Let's Talk About Statistics - Intro to Statistics for Software Quality (No.6 How to Correctly Choose Graphs for Practical Use)

Information

To reach a broader audience, this article has been translated from Japanese.
You can find the original version here.

Introduction

In the 6th installment of "Let's Talk About Statistics", we address the theme of choosing the right graphs for practical use.

When presenting data to convey it to an audience, how you use graphs is extremely important.
No matter how accurate your analysis, selecting or drawing the wrong type of graph can lead to misunderstandings or mistrust.

This time, we'll organize the key points for selecting among the following six basic graphs frequently encountered in practice:

Bar Chart: Ideal for comparing quantities across categories
Line Chart: Effective for understanding time-series changes and trends
Scatter Plot: Visualizes relationships between two numerical variables
Histogram: Captures the distribution shape of continuous data
Box Plot: Best for visualizing variability, skewness, and outliers
Pareto Chart: Used for prioritizing and judging key factors

Additionally, we'll share perspectives on creating persuasive materials, including examples of "graphs you should avoid."

Bar Chart: Ideal for Comparing Quantities Across Categories

A bar chart is the most basic graph for visually grasping differences in quantity across categories.
It excels at capturing data trends and balance, making it highly effective as the first step in quality analysis.

● Software Quality Example

The following is an example of the number of review comments by development team.

● Suitable Scenarios

Number of bugs by type (e.g., logic vs UI)
Number of reviews per month (as a first step in time-series analysis)
Productivity by development team (e.g., number of completed items per story point)

If your goal is to compare quantities across categories, a bar chart is optimal.
You can also immediately spot data trends (for example, if Team A has an unusually high count).

● Key Points

Vertical axis shows quantity, horizontal axis shows categories (numeric vs categorical)
Bars’ length or height carries meaning
Easy to compare even with many items
Suited for non-ordinal categorical data (nominal scale)

Note: Using horizontal bars can improve readability of category labels.

● Practical Pitfalls

For data with an inherent order, such as months or process phases, a line chart is more appropriate.
Using a bar chart can obscure the "flow" of a time series.
If bar colors have significance (e.g., severity levels), omitting a legend can cause misunderstandings.
Pay attention to the order of categories.
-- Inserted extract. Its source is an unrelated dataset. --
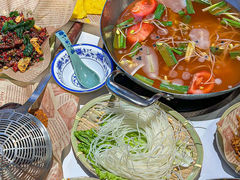 -王奋斗贵州酸汤牛肉火锅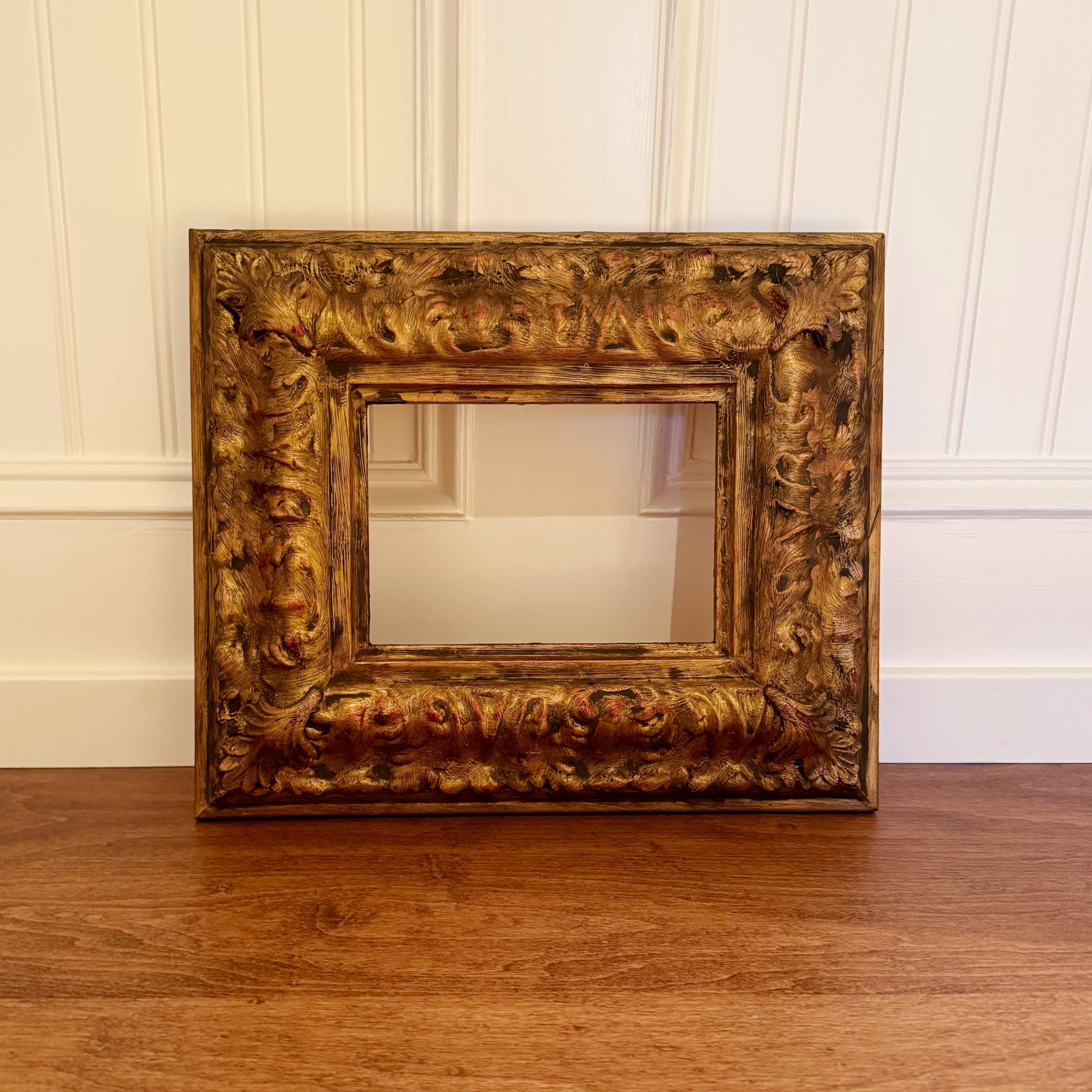 Vintage Ornate Gold Picture Frame – Fits 5x7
Using alphabetical order or an arbitrary order can make trends hard to discern.

Line Chart: Strong for Time-Series Changes

A line chart is extremely well-suited for representing changes or trends over time.
In software development, it's frequently used to visualize progress and quality trends.
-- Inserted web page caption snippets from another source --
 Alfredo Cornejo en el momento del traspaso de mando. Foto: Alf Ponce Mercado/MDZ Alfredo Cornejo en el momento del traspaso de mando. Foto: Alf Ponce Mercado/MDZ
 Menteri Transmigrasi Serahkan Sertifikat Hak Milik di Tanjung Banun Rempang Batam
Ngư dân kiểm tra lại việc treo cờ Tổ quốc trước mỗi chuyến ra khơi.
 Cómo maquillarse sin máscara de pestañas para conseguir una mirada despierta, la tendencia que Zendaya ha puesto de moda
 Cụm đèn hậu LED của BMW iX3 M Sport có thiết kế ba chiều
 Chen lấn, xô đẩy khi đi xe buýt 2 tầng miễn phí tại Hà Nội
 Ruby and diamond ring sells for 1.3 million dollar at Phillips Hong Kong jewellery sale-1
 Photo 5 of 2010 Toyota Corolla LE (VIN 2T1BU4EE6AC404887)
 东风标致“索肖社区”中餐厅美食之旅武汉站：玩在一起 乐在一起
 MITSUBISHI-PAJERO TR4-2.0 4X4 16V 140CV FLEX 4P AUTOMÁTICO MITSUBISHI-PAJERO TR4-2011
● Software Quality Example

Below is an example of the weekly review completion rate trend.

● Suitable Scenarios

Daily or weekly trends in bug occurrences (for early anomaly detection)
Monthly review completion rates (to confirm improvement effects)
Pass rates by process phase (to evaluate stability of each phase)

If your goal is to understand the "flow" or "increase/decrease trend," a line chart is most effective.
It is especially useful for measuring the effects of improvement activities or detecting anomalies.

● Key Points

X-axis is typically a time axis (day, week, month, etc.)
Multiple series (by team, by category, etc.) can be displayed simultaneously using different line colors or styles
Overlaying trend lines or target lines helps intuitively grasp differences from goals or overall tendencies
Even with many data points, connecting them with lines allows you to perceive smooth variations

● Practical Pitfalls

For non-ordinal (categorical) data, forcing a line chart can lead to misunderstandings (e.g., bug counts by reviewer).
With very few data points (e.g., only three), the straight lines may overemphasize a "trend" that isn't real.
Sharp fluctuations can create a strong visual impression, potentially hindering calm decision-making.
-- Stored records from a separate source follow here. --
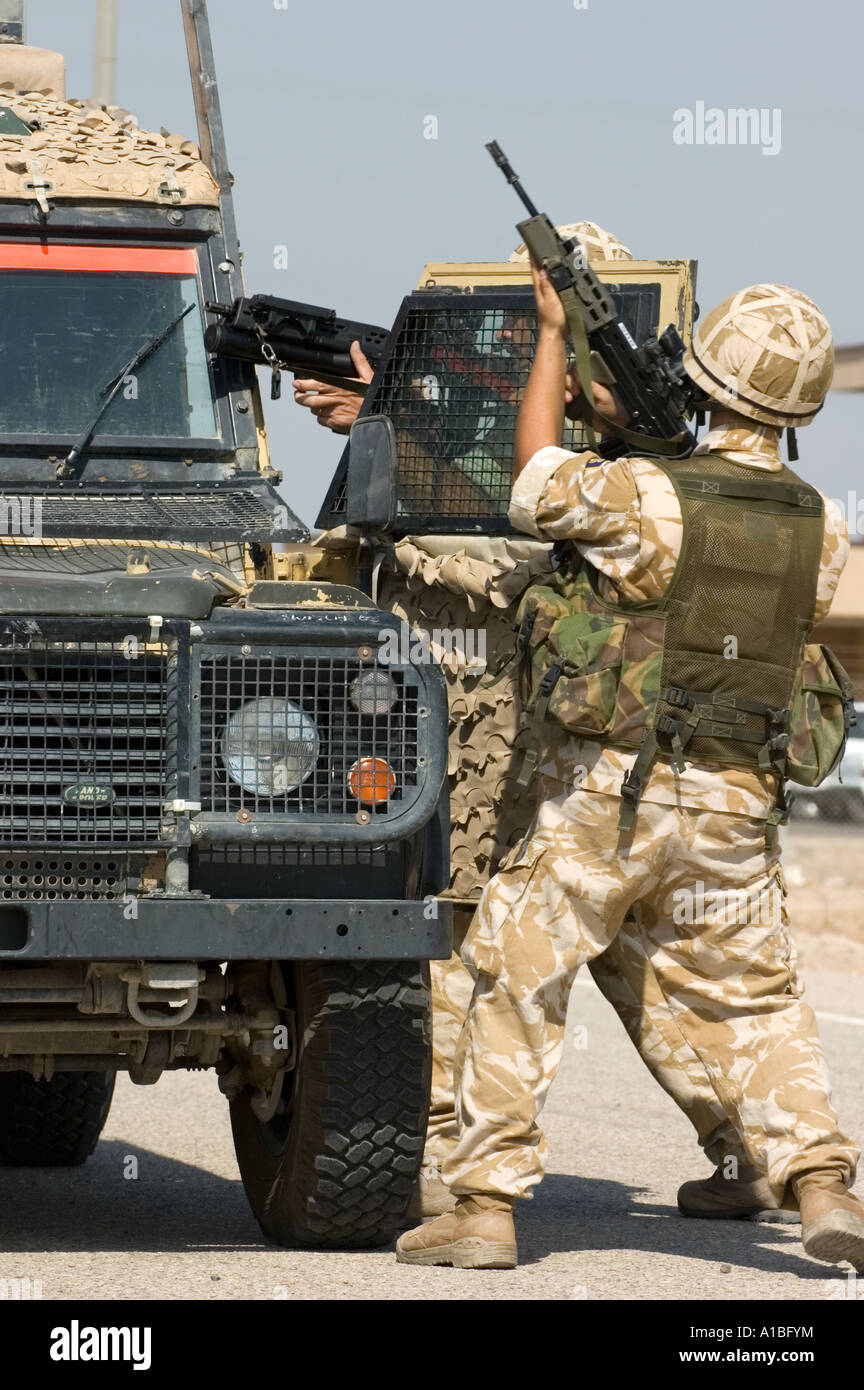 British Soldiers practising ambush drills in Basrah, Iraq Stock Photo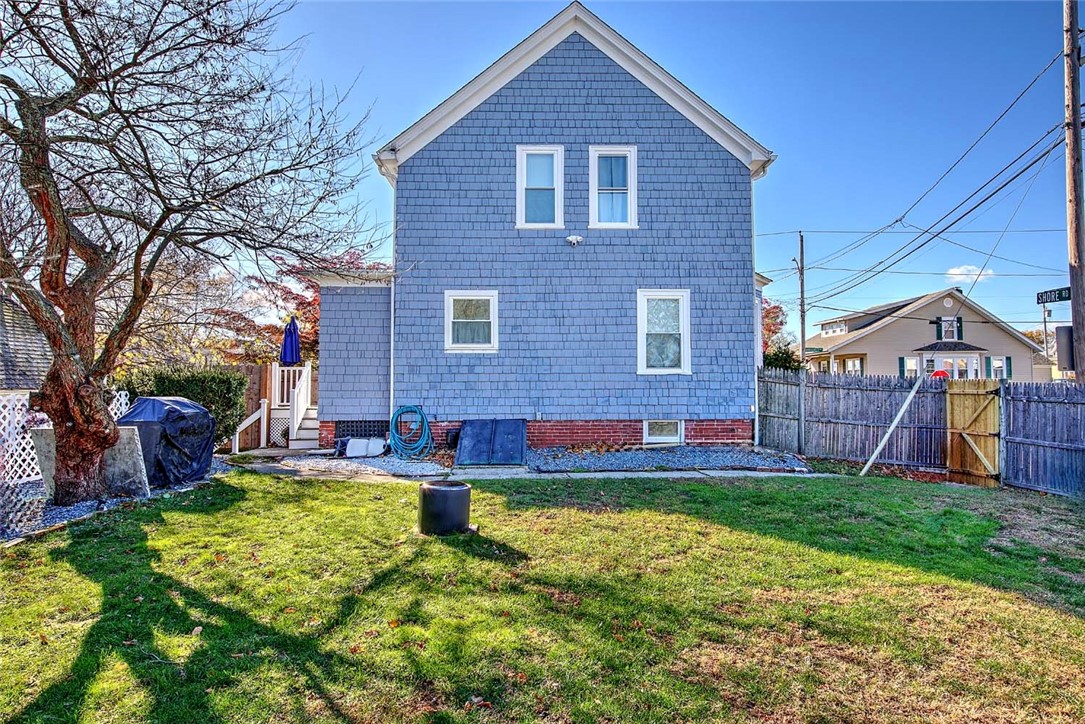 93 Narragansett Avenue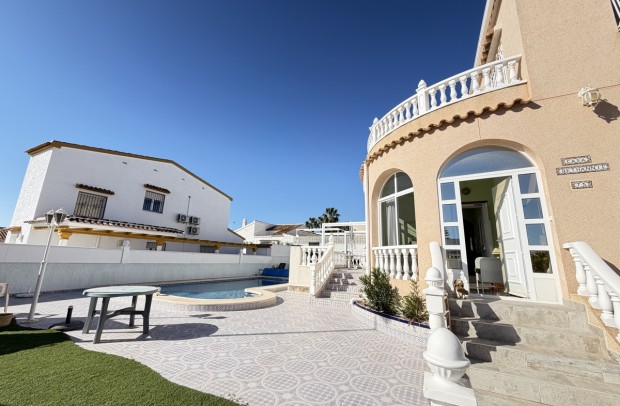 Resale - Villa Detached - Villamartin - Villamartín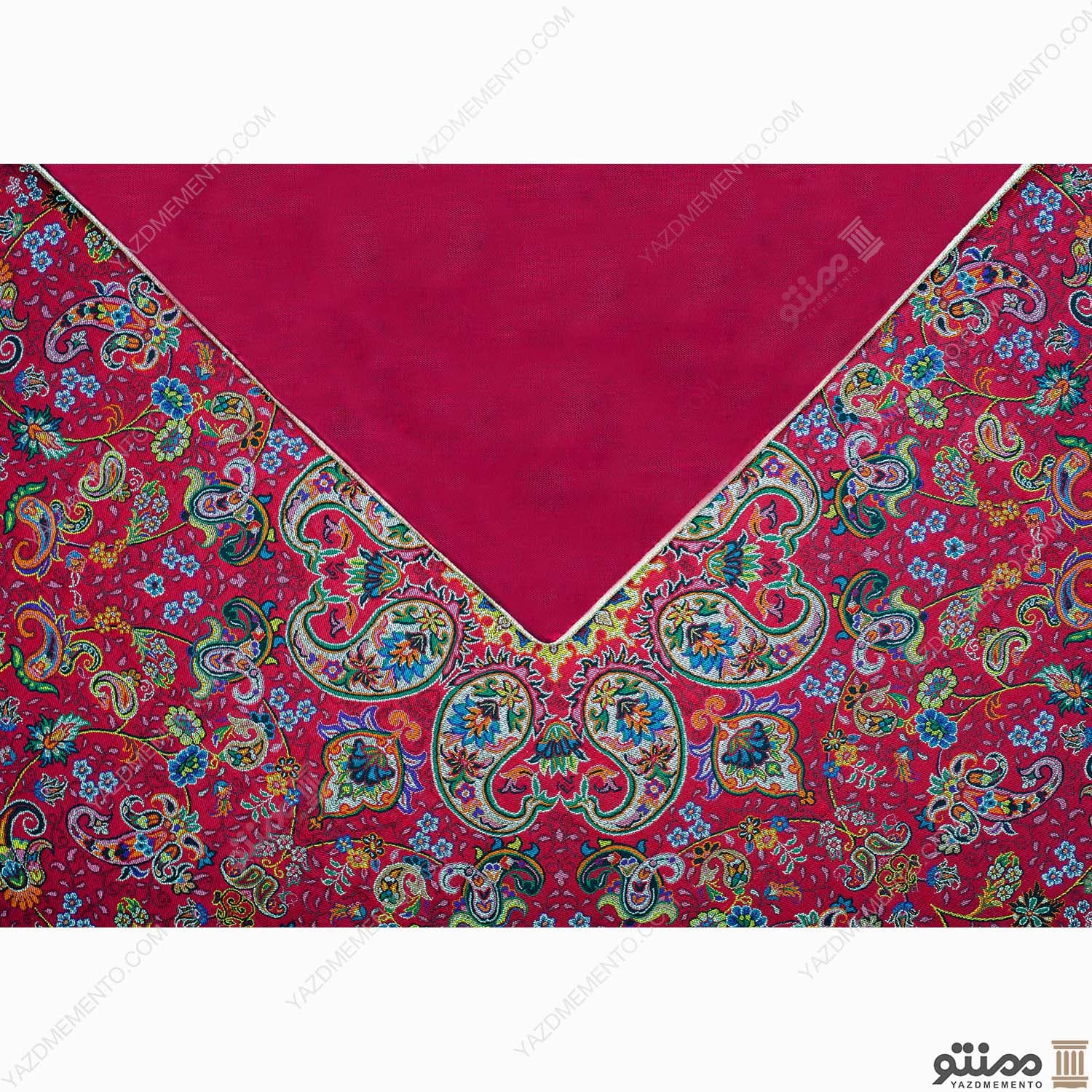رومیزی ترمه مربع طرح میترا رنگ قرمز — تصویر ۴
Line charts are the foundation for graphs that handle time-series data.
However, using them incorrectly can lead to misleading or overconfident interpretations.

Scatter Plot: When You Want to See Relationships

A scatter plot is used to visualize the relationship (correlation) between two numerical variables.
In software quality management, it's effective for grasping connections among various variables.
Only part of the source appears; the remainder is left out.